REQUIREMENT:
Please transcribe, word for word, only the lines from the one containing "Typical street with" through the last line of the records below, both included, and leave out every picture.

RAW DATA:
┏━━

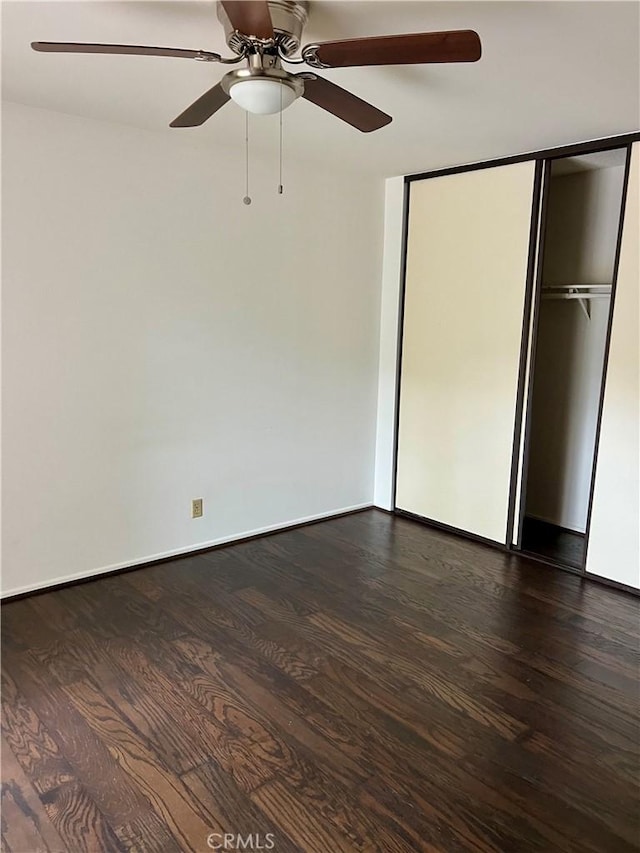 unfurnished bedroom featuring dark hardwood / wood-style floors, ceiling fan, and a closet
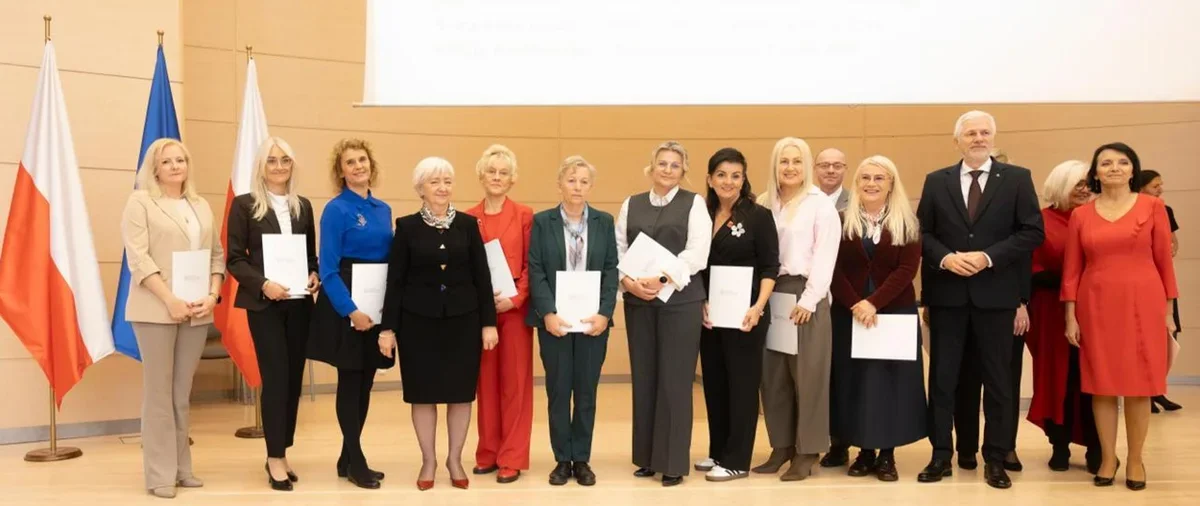 Grupa osób stoi na sali konferencyjnej z flagami w tle podczas uroczystości wręczania dokumentów.
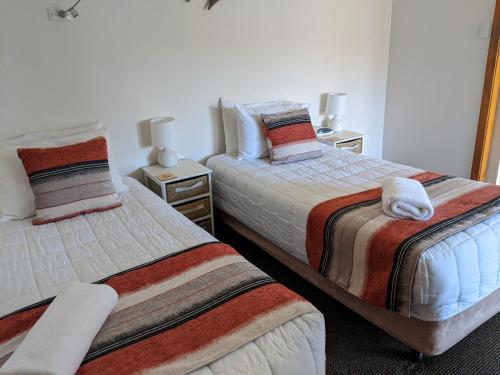 a bedroom with two beds with towels on them at Karuah Motor Inn in Karuah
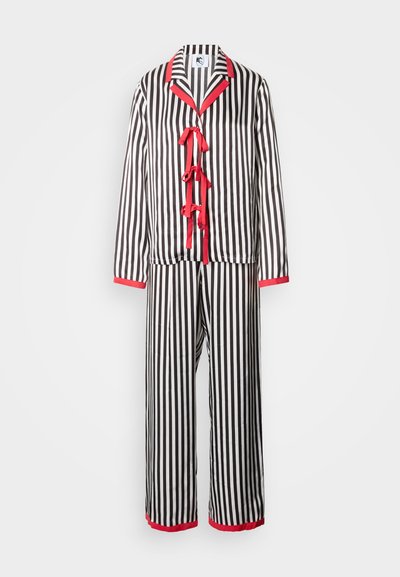 Set de pijamale alb-negru cu dungi și accente roșii, având o jachetă cu nasturi cu trei benzi de panglică și pantaloni evazați asortați.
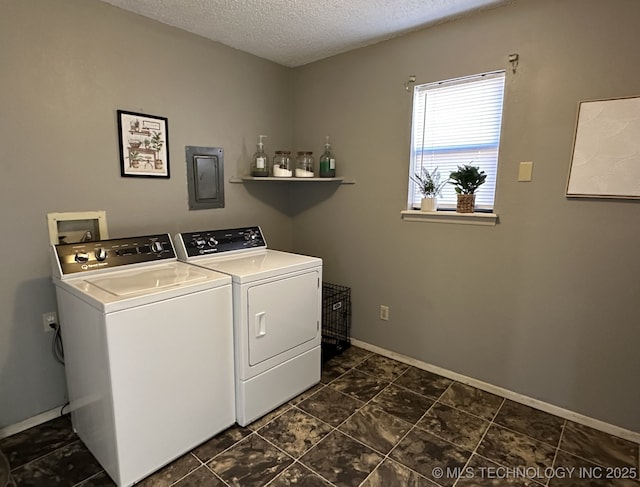 laundry room with a textured ceiling and washing machine and clothes dryer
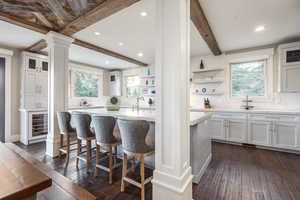 Kitchen featuring white cabinetry, wine cooler, dark hardwood / wood-style flooring, beamed ceiling, and backsplash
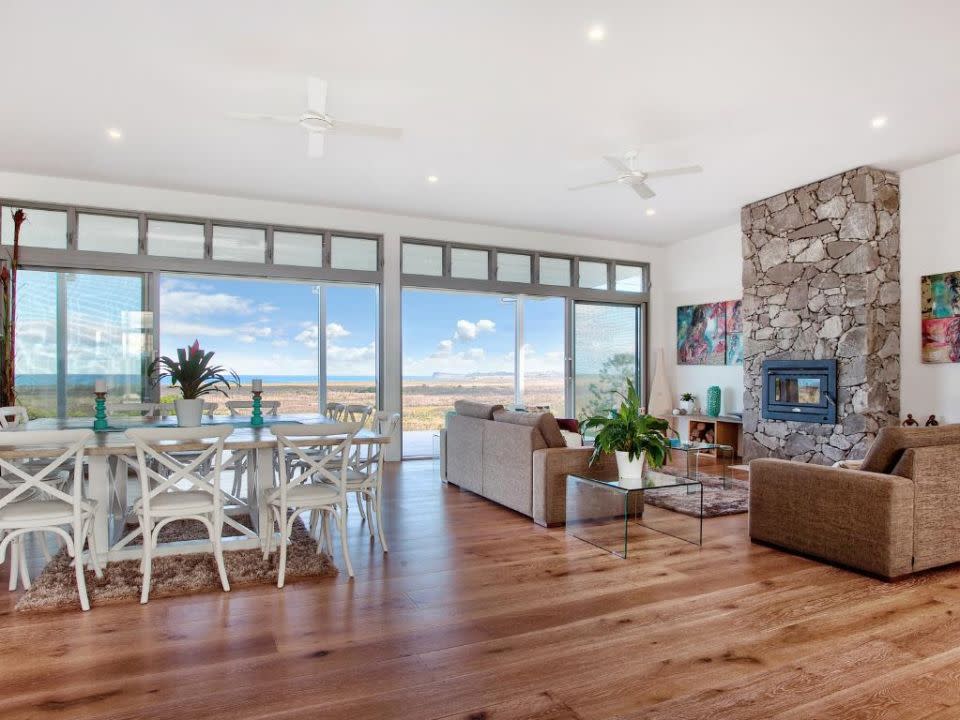 The open-plan interior features wooden oak flooring and glass floor to ceiling windows lending lots of natural light. Source: Unique Estates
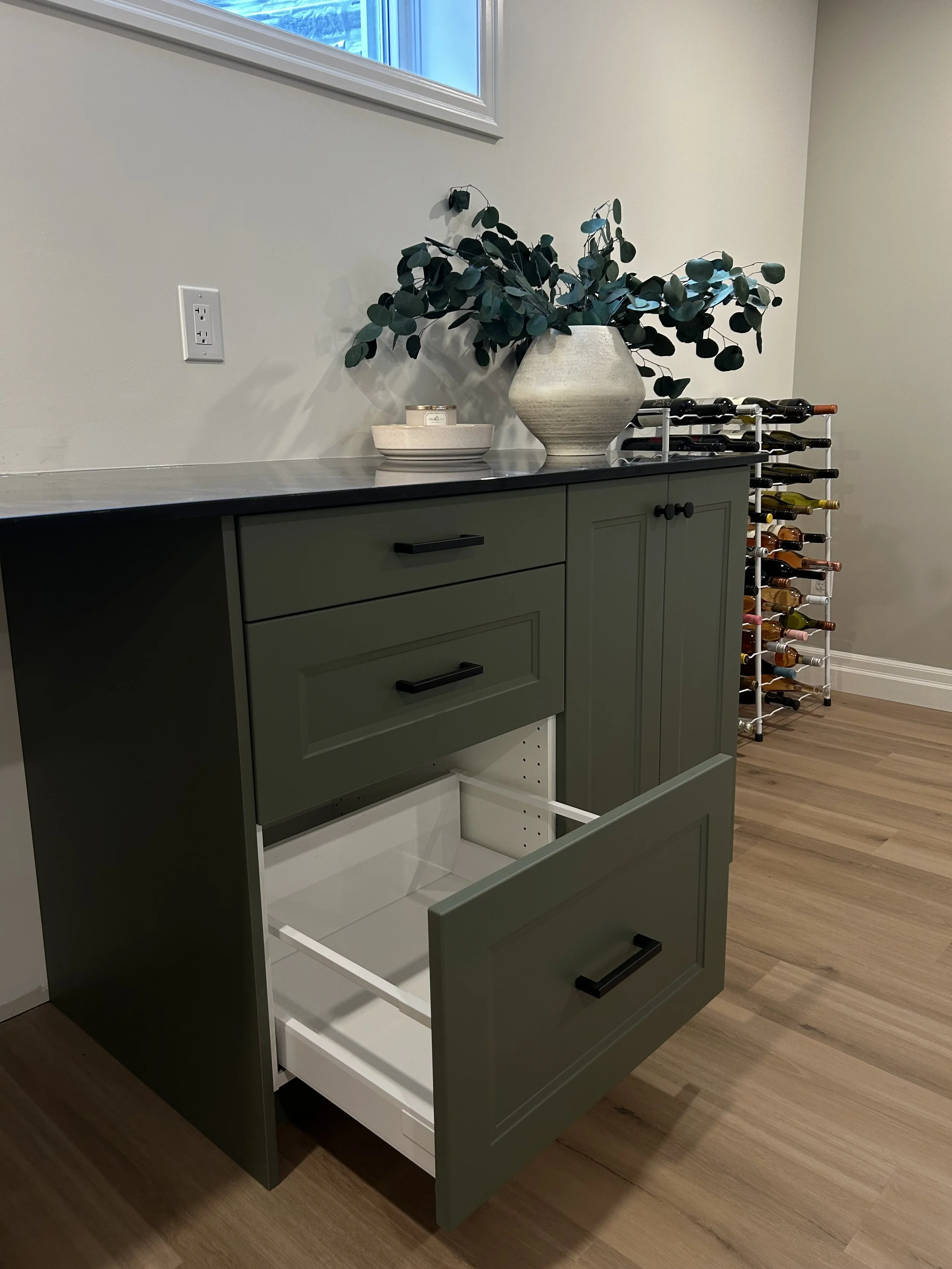 An unfinished green kitchen cabinet with open drawers, a white interior, and black handles, next to a wine rack filled with bottles, against a wall with a window.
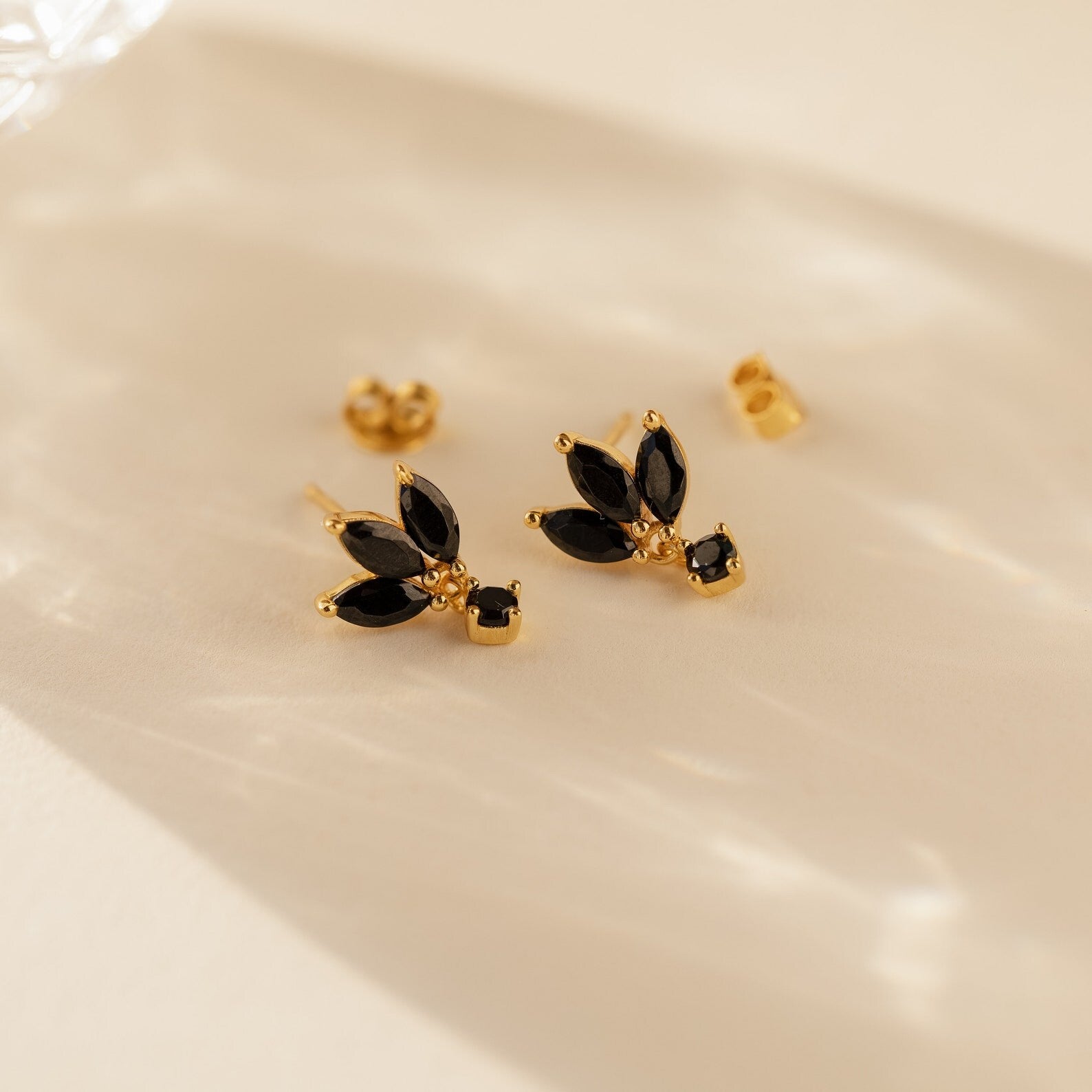 Emily Drop Earrings feature gold studs with black stones in a floral design, exuding vintage charm. These black petal earrings are beautifully displayed on a light surface.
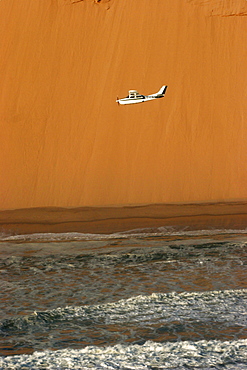 A small Cessna flying between the ocean and the desert, Skeleton Coast, Namibia, Africa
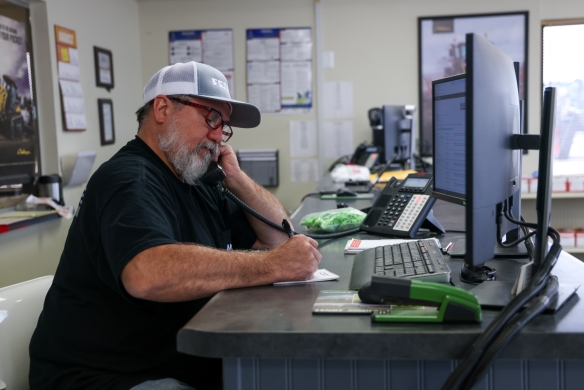 Alliance Ag warranty administrator writing down customer information on a note pad.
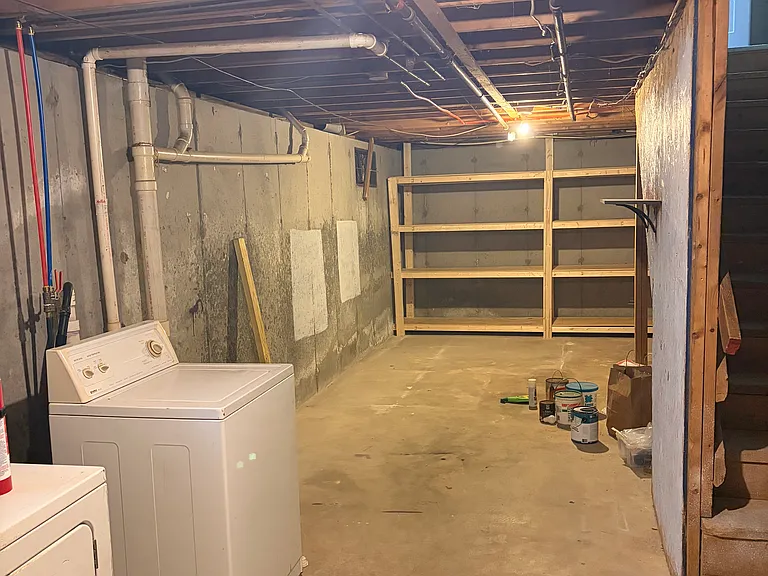 Basement with ample storage space, built-in storage shelving, and in-unit washer and dryer.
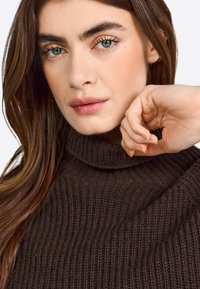 Brown ribbed turtleneck sweater with a soft texture. Model holds hand near face, showcasing natural makeup and long, wavy hair.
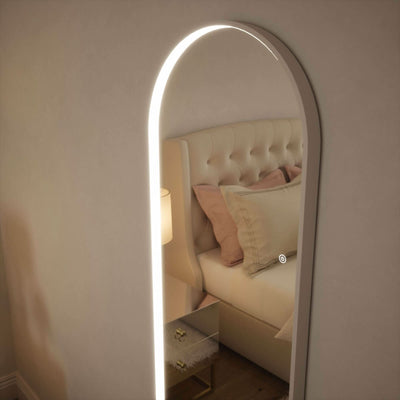 Sophia Full Length Arch Mirror with LED lighting and white frame, reflecting a cozy bedroom with a luxurious bed and soft decor.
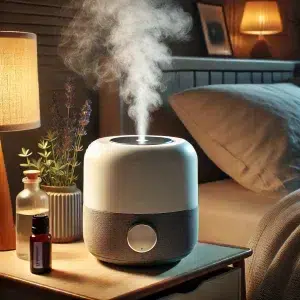 Humidifier by bedside table emitting gentle mist of eucalyptus essential oil - Sit, Breathe, Balance.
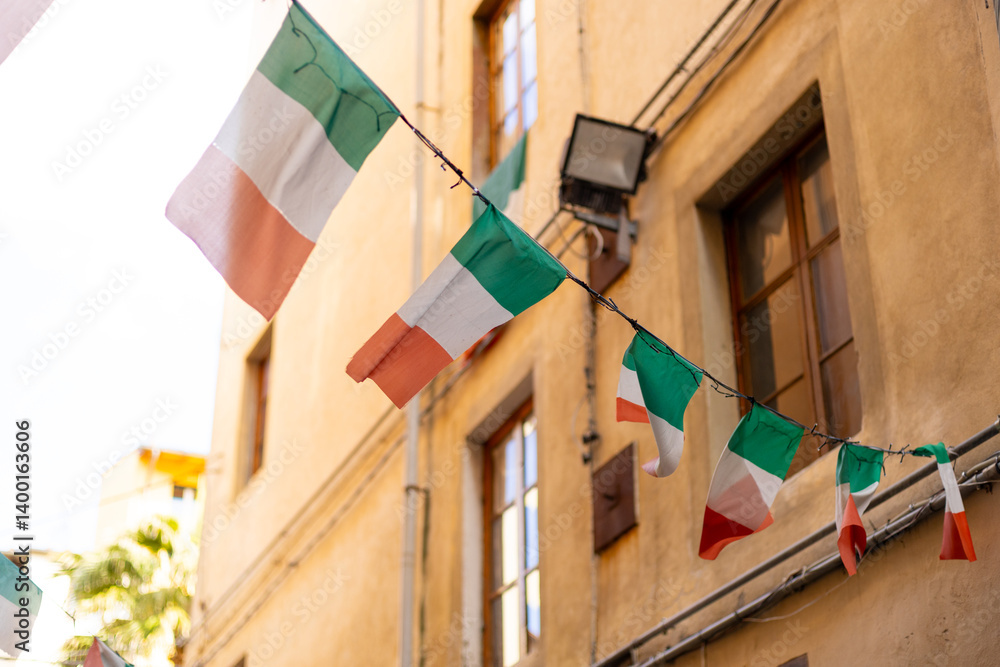 Typical street with houses in Italy. Facade of a yellow building with Italian flags. Italian flag in an old town narrow street of a city in Italy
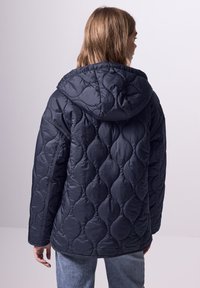 Giacca puffer navy trapuntata con cappuccio, caratterizzata da un motivo testurizzato di forme ovali. Ha maniche lunghe e una vestibilità comoda.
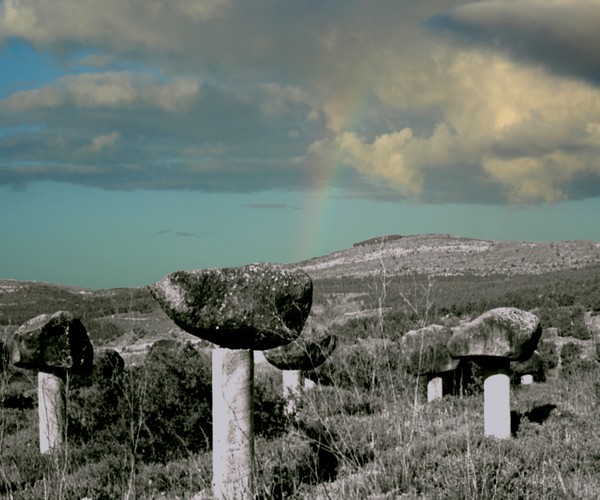 Photomerge mushroom sculture and rainbow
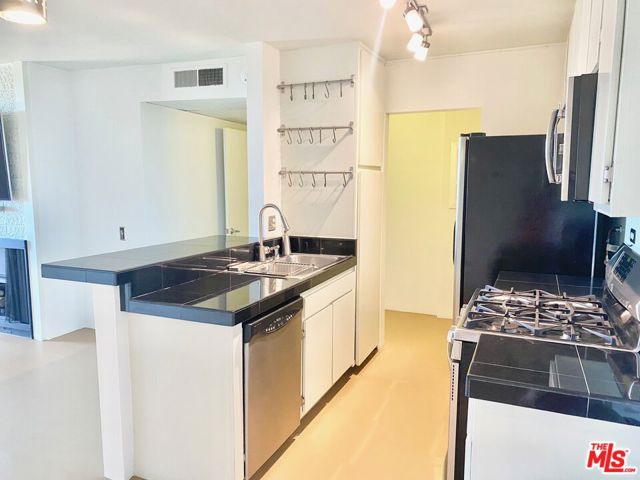 Sleek Stainless & Granite Kitchen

┗━━

OUTPUT OF THE EXERCISE:
 Typical street with houses in Italy. Facade of a yellow building with Italian flags. Italian flag in an old town narrow street of a city in Italy
 Giacca puffer navy trapuntata con cappuccio, caratterizzata da un motivo testurizzato di forme ovali. Ha maniche lunghe e una vestibilità comoda.
 Photomerge mushroom sculture and rainbow
 Sleek Stainless & Granite Kitchen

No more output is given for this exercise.